## Material for this exercise
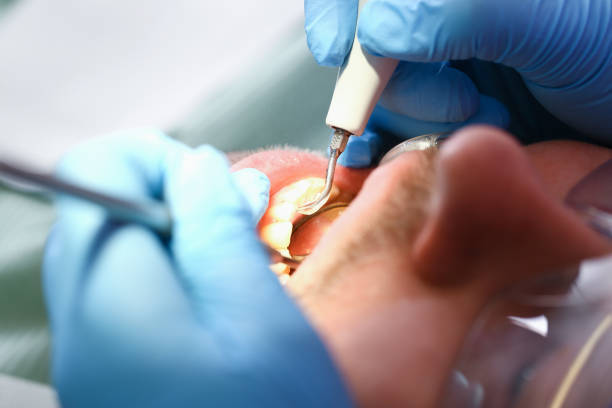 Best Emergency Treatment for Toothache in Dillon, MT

...

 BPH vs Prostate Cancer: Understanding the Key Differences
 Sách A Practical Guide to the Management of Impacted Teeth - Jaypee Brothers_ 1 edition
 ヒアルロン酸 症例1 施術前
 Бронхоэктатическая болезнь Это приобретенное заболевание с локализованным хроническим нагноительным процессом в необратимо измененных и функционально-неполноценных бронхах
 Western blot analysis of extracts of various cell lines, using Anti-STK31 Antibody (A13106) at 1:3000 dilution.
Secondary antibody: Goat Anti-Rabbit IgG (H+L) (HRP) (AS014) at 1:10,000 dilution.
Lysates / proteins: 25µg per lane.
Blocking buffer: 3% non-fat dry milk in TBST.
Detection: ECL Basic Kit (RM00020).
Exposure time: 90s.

## Task objective
From the listing above, return the lines starting at the one with "Sách A Practical" and ending at the one with "Exposure time: 90s.", both kept, exactly as they appear and nothing more.

## Solution for this task
 Sách A Practical Guide to the Management of Impacted Teeth - Jaypee Brothers_ 1 edition
 ヒアルロン酸 症例1 施術前
 Бронхоэктатическая болезнь Это приобретенное заболевание с локализованным хроническим нагноительным процессом в необратимо измененных и функционально-неполноценных бронхах
 Western blot analysis of extracts of various cell lines, using Anti-STK31 Antibody (A13106) at 1:3000 dilution.
Secondary antibody: Goat Anti-Rabbit IgG (H+L) (HRP) (AS014) at 1:10,000 dilution.
Lysates / proteins: 25µg per lane.
Blocking buffer: 3% non-fat dry milk in TBST.
Detection: ECL Basic Kit (RM00020).
Exposure time: 90s.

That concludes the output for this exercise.